While this is good news for investors seeking to make a

profit in income property, it also points up factors these investors may need to consider when looking for properties to purchase. Both single family and multiple-family properties have the potential to yield a return, but these two kinds of properties offer different challenges and benefits.

Single family homes, the kind most often hitting the foreclosure market after the real estate collapse, are just that: a single house on a tract of land, intended as a dwelling for only one family. Although other kinds of arrangements can exist on the property – a second bedroom and adjacent bath rented out to another tenant, or a garage converted into a dwelling, for example – the property is generally zoned only for single family occupancy.

Since the foreclosure market is still busy with cases only now working their way through the courts, it’s relatively easy to purchase single-family homes at low interest rates to create the kind of diverse portfolio recommended by Jason Hartman. These properties are relatively easy to maintain over time. But a long-term vacancy can put a dent in your investment cash flow, and changes in the market can make putting all your investment eggs in one kind of basket particularly risky.

Multifamily housing, or multiplexes, refer to a variety of structures that house more than one unit, or family. These range from a house with a basement or second-floor suite to apartment houses with large numbers of tenants. But the true “apartment complex” comes under the heading of commercial real estate, and is a different kind of investment than smaller multiplexes made up of two, three or four units. For most lenders, a multiplex property of up to four units is treated like a single family home for mortgage purposes while five or more units will be considered commercial property.

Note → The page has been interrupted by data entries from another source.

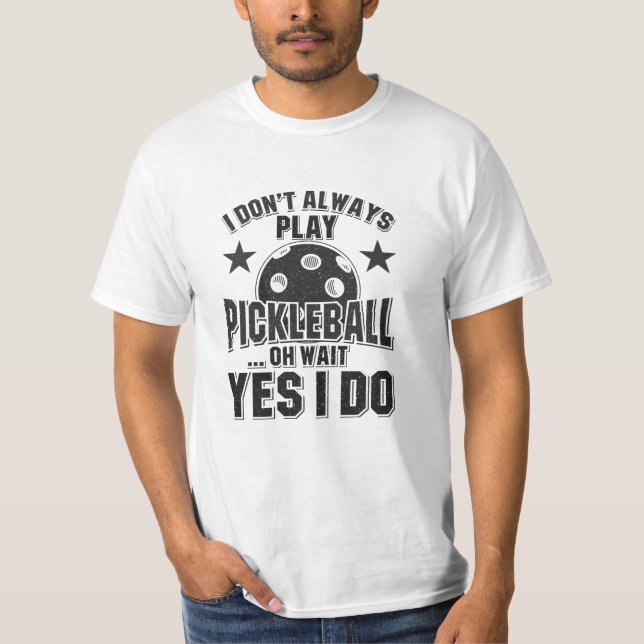 Camiseta Picleball (Frente)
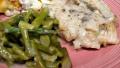 Norfolk Turkey Breast With Asparagus created by loof751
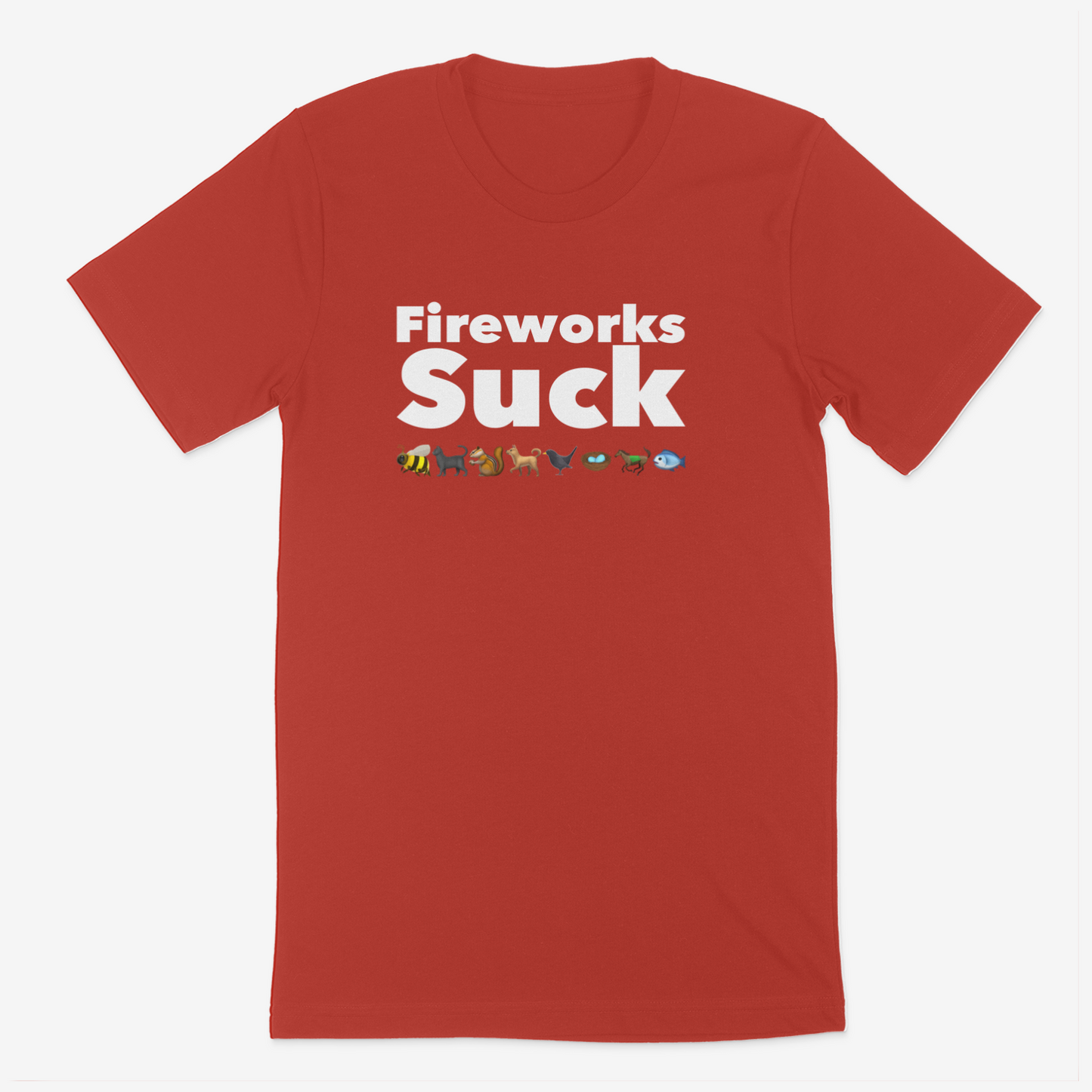 Fireworks Suck (Mens)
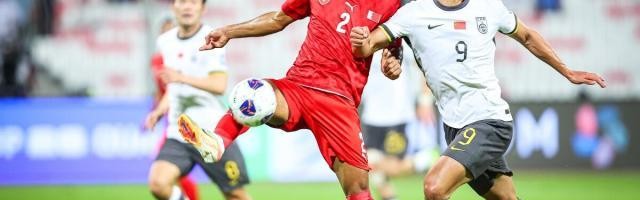 九游首页-【世预赛】张玉宁绝杀 国足客场1比0巴林暂小组第四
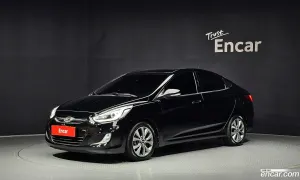 Hyundai Accent 1.6 GDI Blue Saver 2016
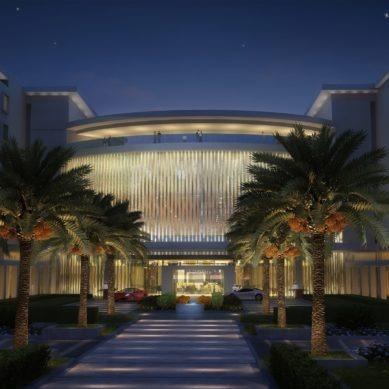 Development of Oman’s JW Marriott Development at Madinat Al Irfan is on schedule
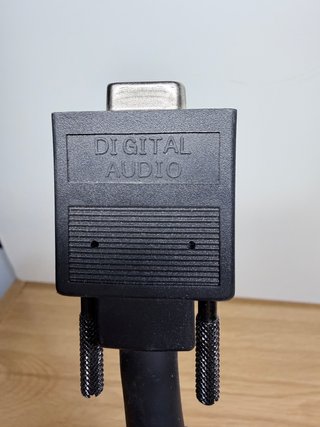 Matrox DLE/DIG/AUD/CBL Cable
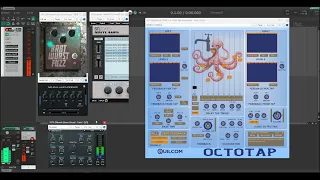 Cthulu Approved! OctoTap by Quilcom / Rex Basterfield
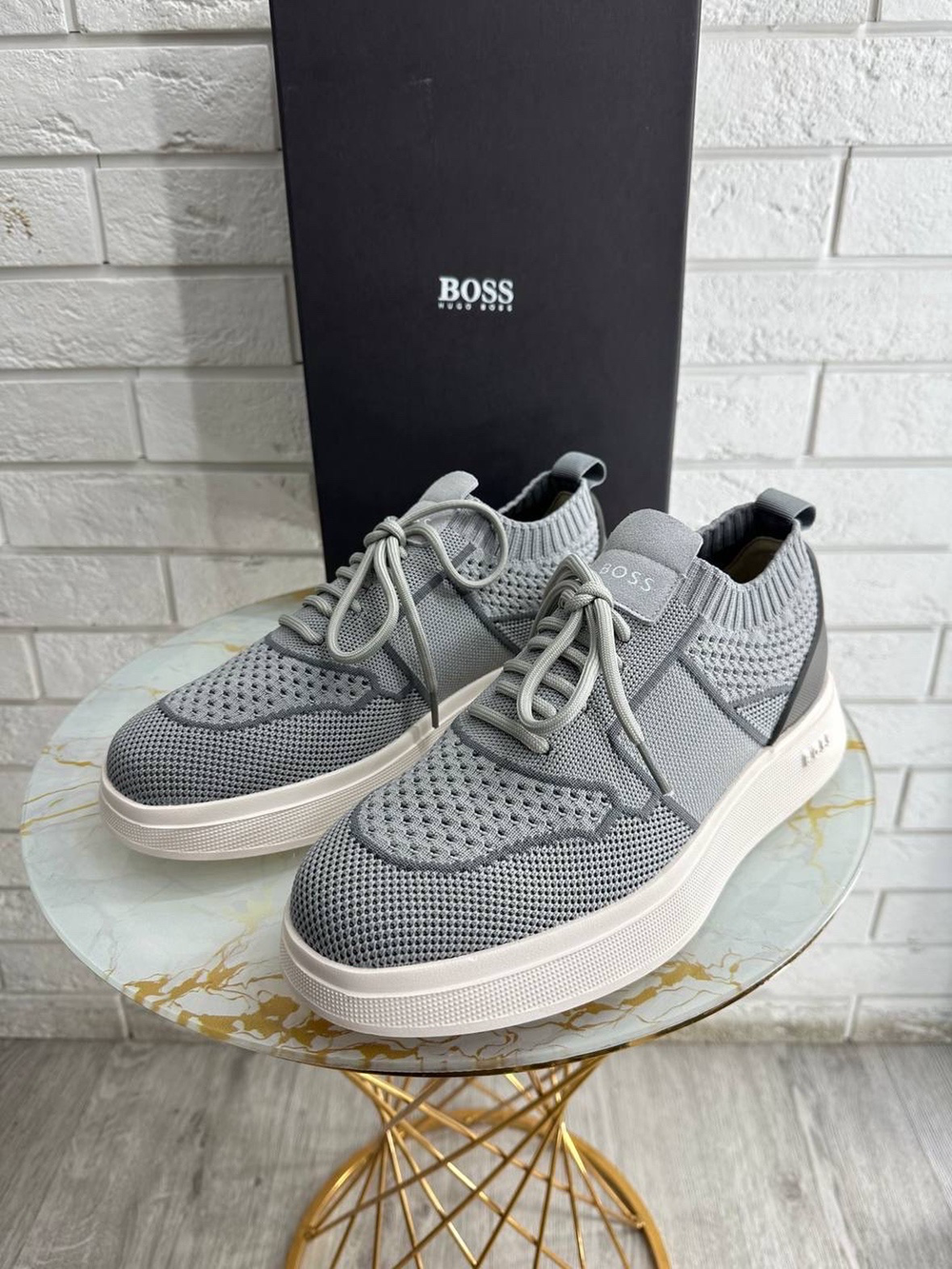 Кроссовки Hugo Boss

These kinds of properties may not sell as easily as single-family homes, though, and they may create more demands in terms of upkeep and maintenance. Tenant disputes are more likely, too, with greater turnover since tenants are more transient. But these properties allow investors to diversify holdings and spread the risk fairly rapidly, and may yield a

greater long-term return.

Single family home or multiplex? Each has its merits and drawbacks, determined largely by the local market they’re in. Investors who can manage it may want to purchase both kinds of properties as part of an overall strategy based on Jason Hartman’s advice to diversifying holdings for lower risk and greater return.